Wednesday (First Book of Common Prayer)


  • Morning Prayer in the office. Devotions before the Blessed Sacrament in the cathedral. 
  • Dealt with an administrative issue pertaining to General Convention. 
  • Spoke at some length by phone with a potential candidate for a clergy vacancy in the diocese. 
  • Reviewed and replied to an email pertaining to the details of one of my upcoming visitations. 
  • Made preparations to preside and preach at the cathedral midday liturgy. 
  •  Took some small steps, via email, toward nailing down the details of our planned July visit to the Diocese of Peru. 
  • Began working on turning some broad stroke notes for my next Covenant blog deadline to a postable product. 
  • Celebrated and preached the 12:15 Mass, keeping the lesser commemoration of the First Book of Common Prayer. The appointed first reading ends with Acts 2:42: "And they continued steadfast in the teaching and fellowship of the apostles, in the breaking of bread, and in the prayers." Indeed, the Prayer Book provides a healthy context and medium for doing just that. 
  • Lunch from Taco Gringo, eaten at home. 
  • Spent most of the rest of the afternoon on the aforementioned Covenant post. I was frustrated, but I shouldn't have been. I should have known it would take that long, and not included so many other things on today's task list. Writing takes however long it takes. 
  • I did squeeze out a couple of Nashotah-related emails before heading to ... 
  • Evening Prayer in the cathedral.

Tuesday, May 26, 2015

Tuesday (St Augustine of Canterbury)


  • Morning Prayer in the cathedral. 
  • Arranged for a disbursement from the Discretionary Fund to help seed a program initiative in one of our communities. 
  • Passed on some information about a book I recommended to someone in the ordination discernment process. 
  • Took some administrative steps toward ensuring there is a cohort of parishes doing the Renewal Works survey and follow-up workshops this fall. 
  • Dashed off a brief email to one of our ordinands. 
  • Took care of a detail of General Convention business. The pace of that sort of thing is about to quicken. 
  • Responded to a request from a layperson in the diocese for help with a theological issue. 
  • Began the work of refining this Sunday's homily (Trinity, Mattoon). 
  • Attended a meeting with the priest, two lay leaders, and the daycare center director of St Thomas', Glen Carbon--along with the Archdeacon and the Treasurer--to take counsel together regarding the ongoing viability of the enterprise.

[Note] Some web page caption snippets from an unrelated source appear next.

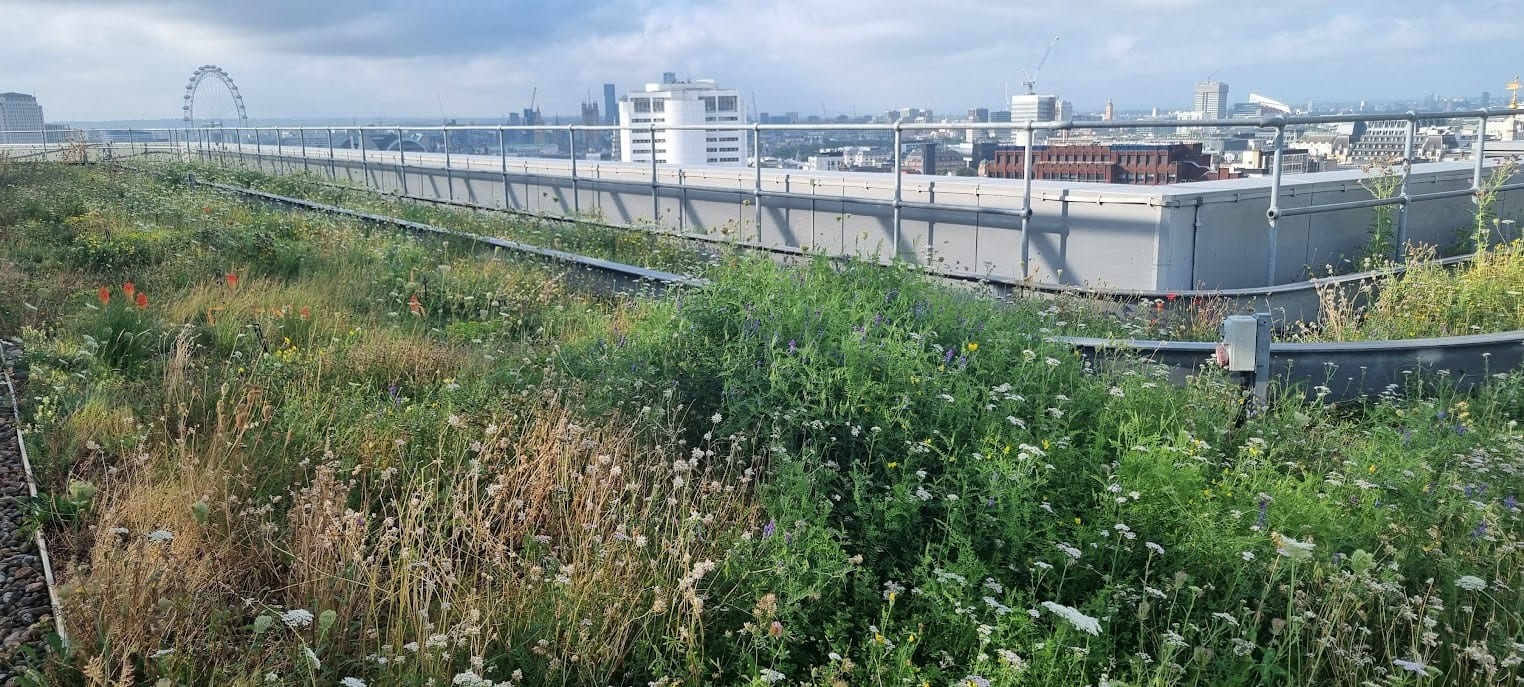 Central St Giles rooftop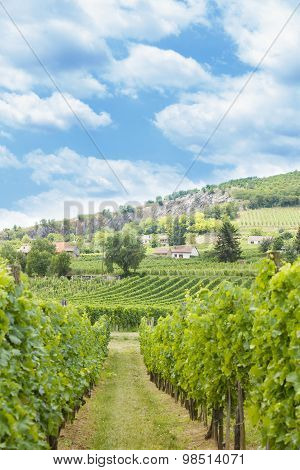 Traditional Grape Fields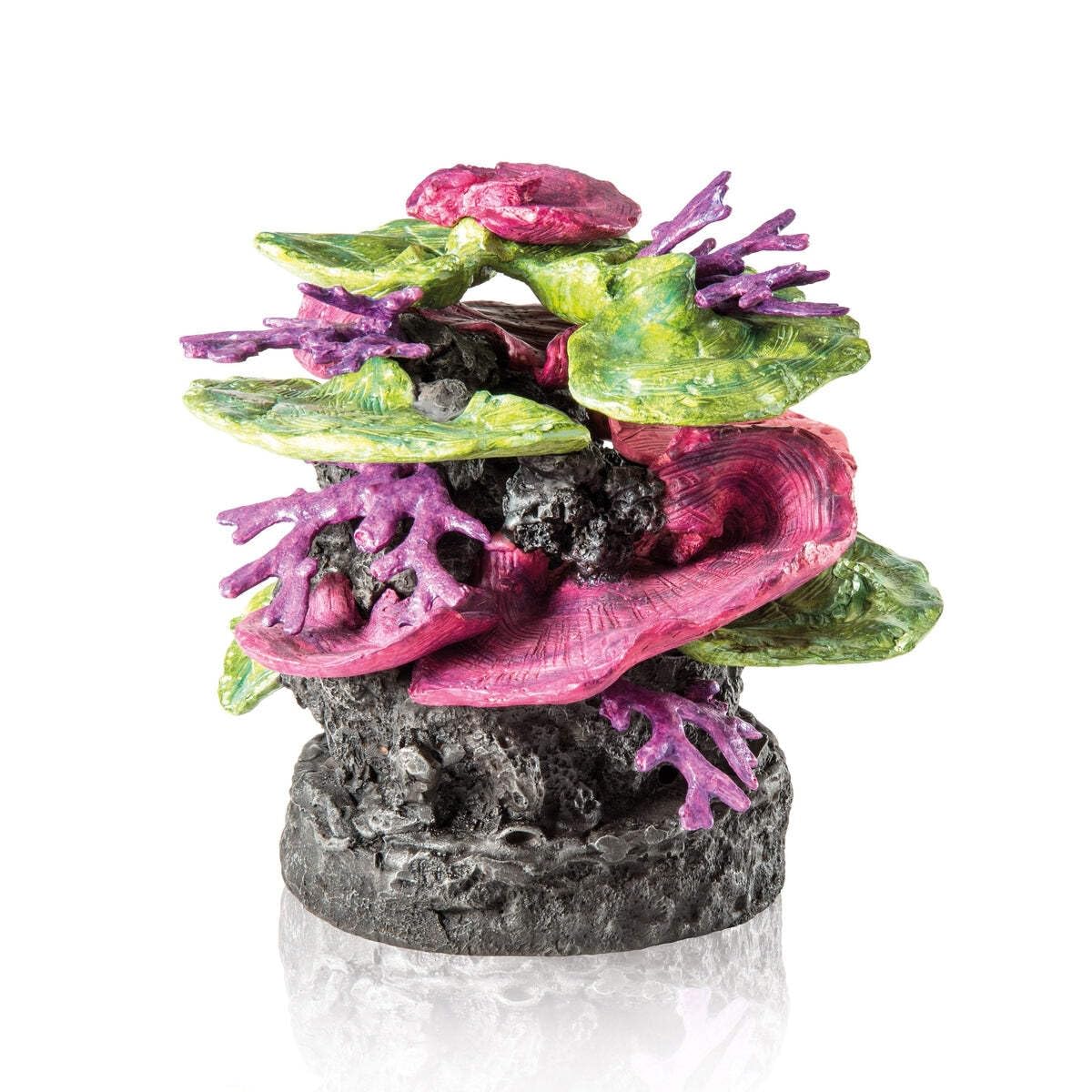 biOrb Coral Rock Ornament green-purple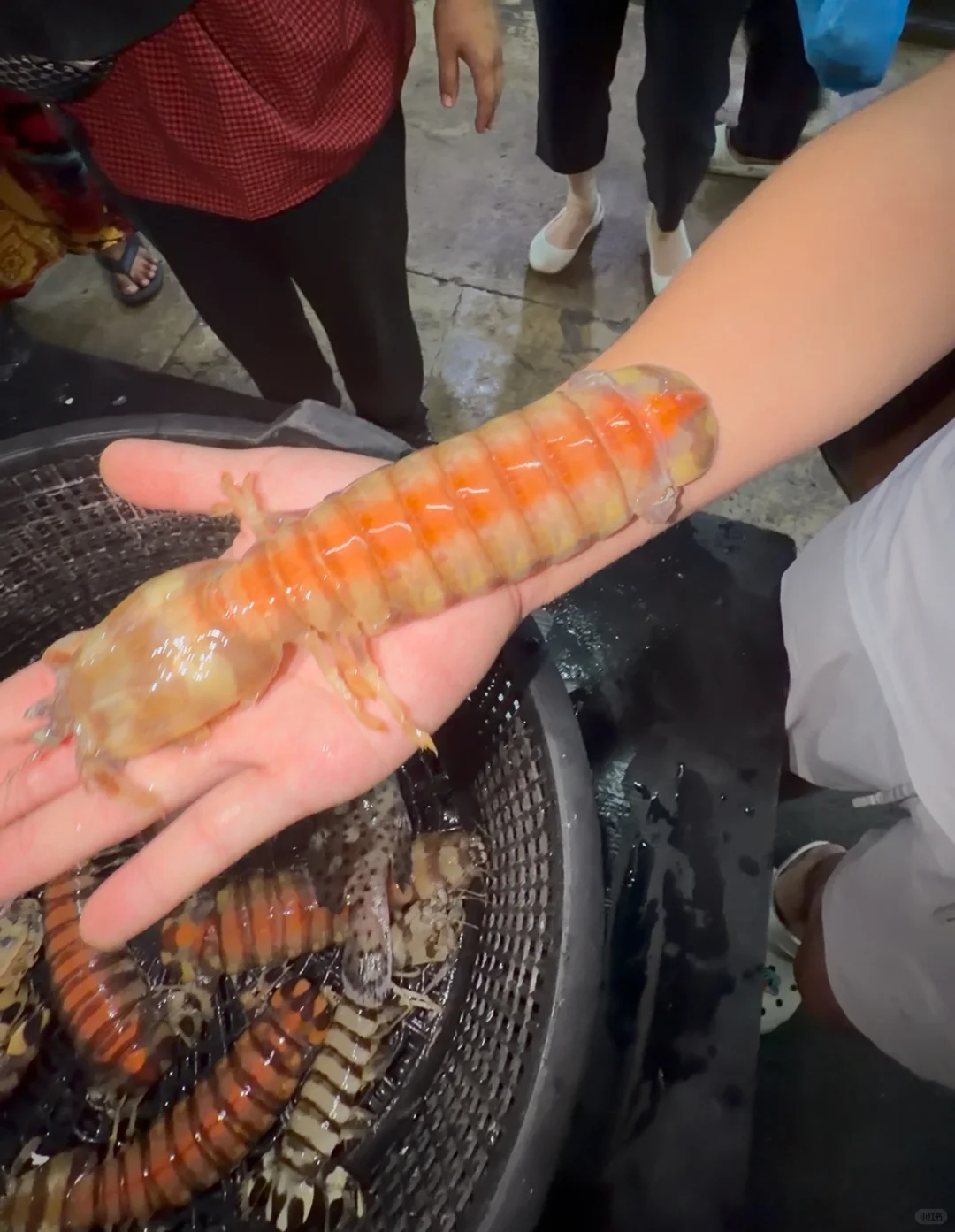 仙本那海鲜砍价价格参考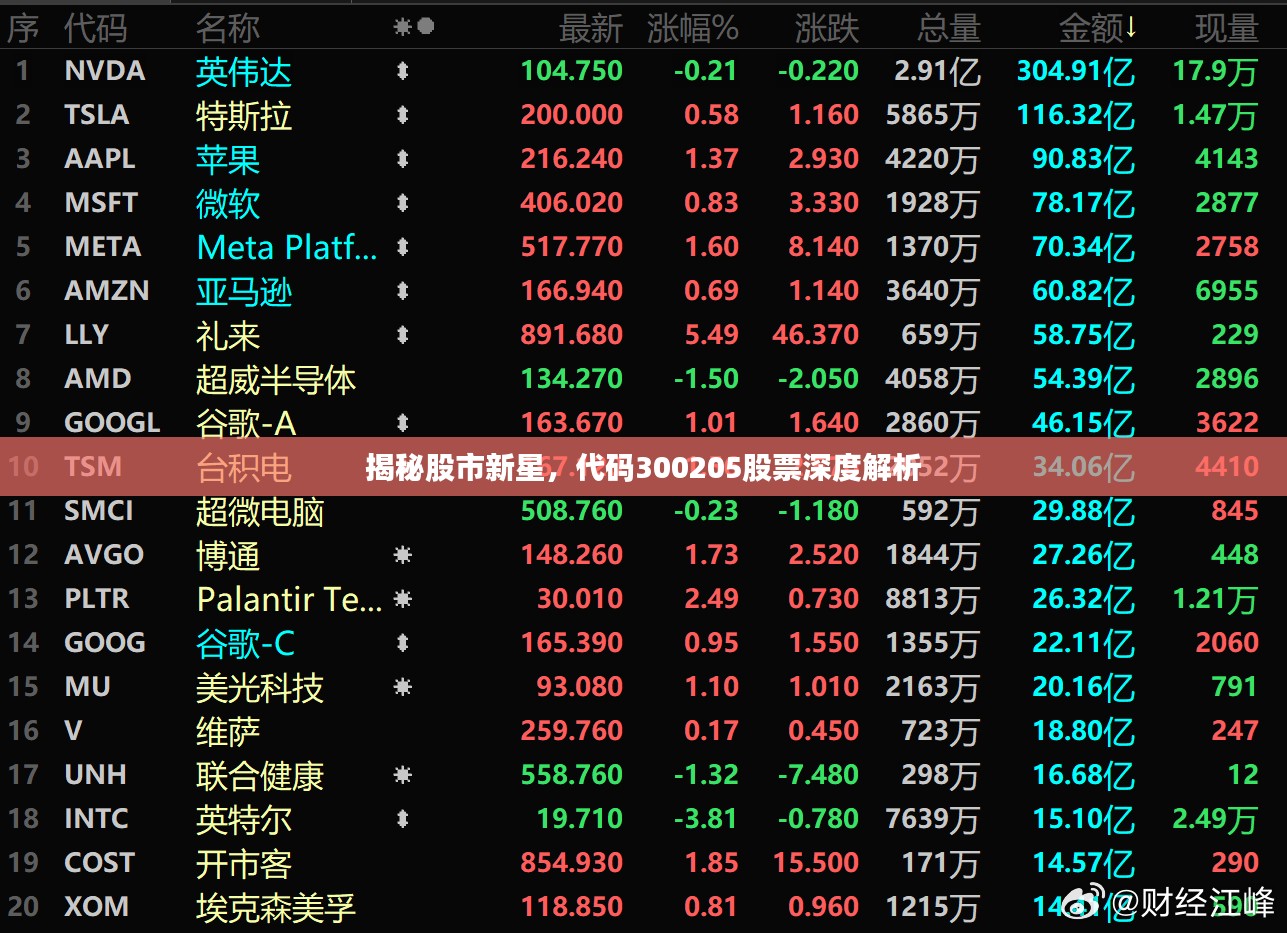 揭秘股市新星，代码300205股票深度解析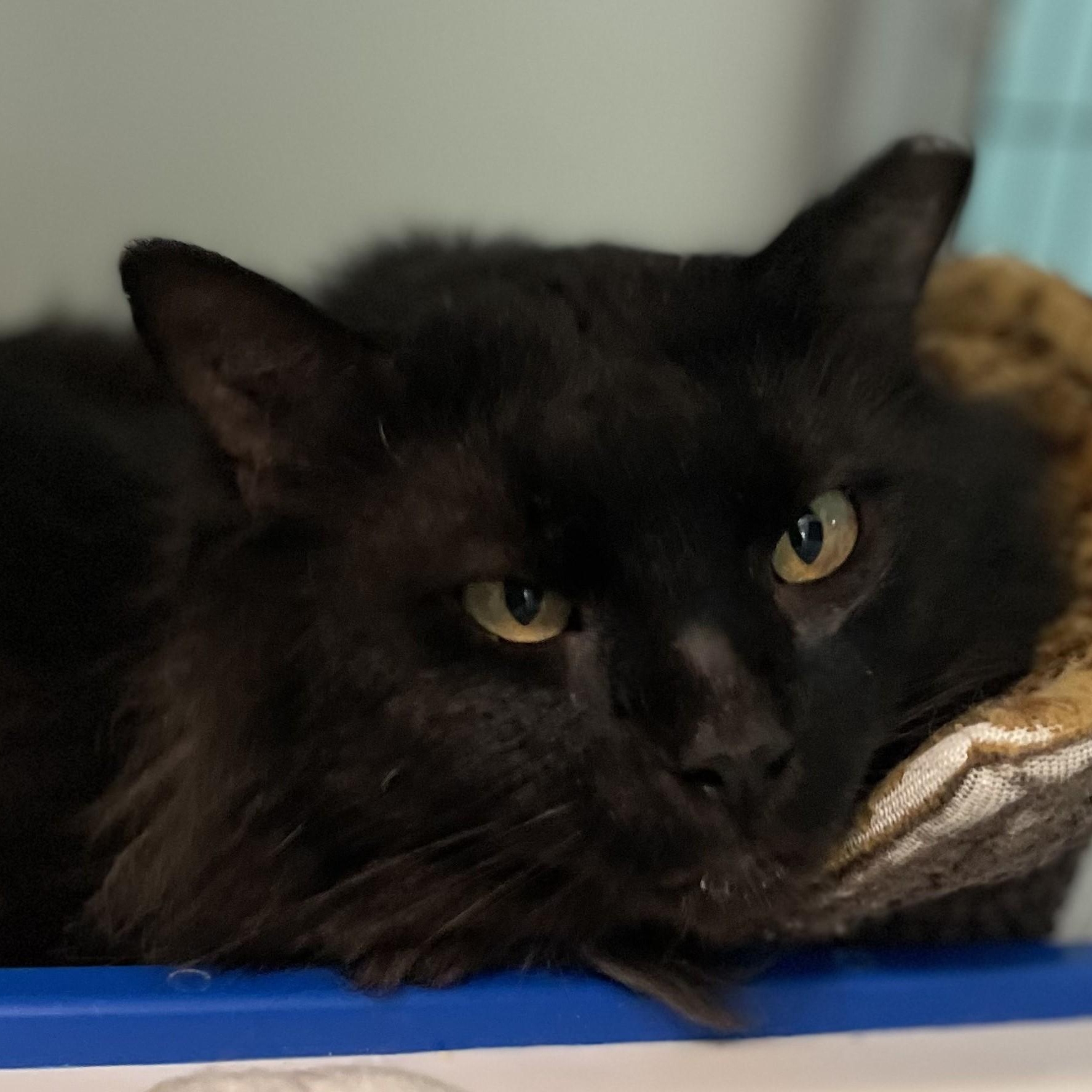 Enlarge Bear - Handsome, Special Needs, a ADOPTABLE Domestic Long Hair in Hoquiam, WA image 4/5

While we all no doubt wish we had never begun it in the first place, there are some encouraging recent trends. 
  • Completed the work of refining and printing this Sunday's sermon. 
  • Lunch from La Bamba, eaten at home. 
  • Did some low-level calendar organizing. 
  • Took care of a small bit of business on behalf of one of our postulants. 
  • Worked on the presentations I am responsible for at the upcoming St Michael's Youth Conference. 
  • Drafted a formal letter of invitation to the Bishop of Tabora for him and his wife to visit us this October. He needs this letter in order for them to get visas from the U.S. State Department. 
  • Took a good thorough look at some proposals that will come to General Convention. One could affect us rather severely, as it would turn voluntary financial askings into mandatory assessments. 
  • Evening Prayer in the cathedral.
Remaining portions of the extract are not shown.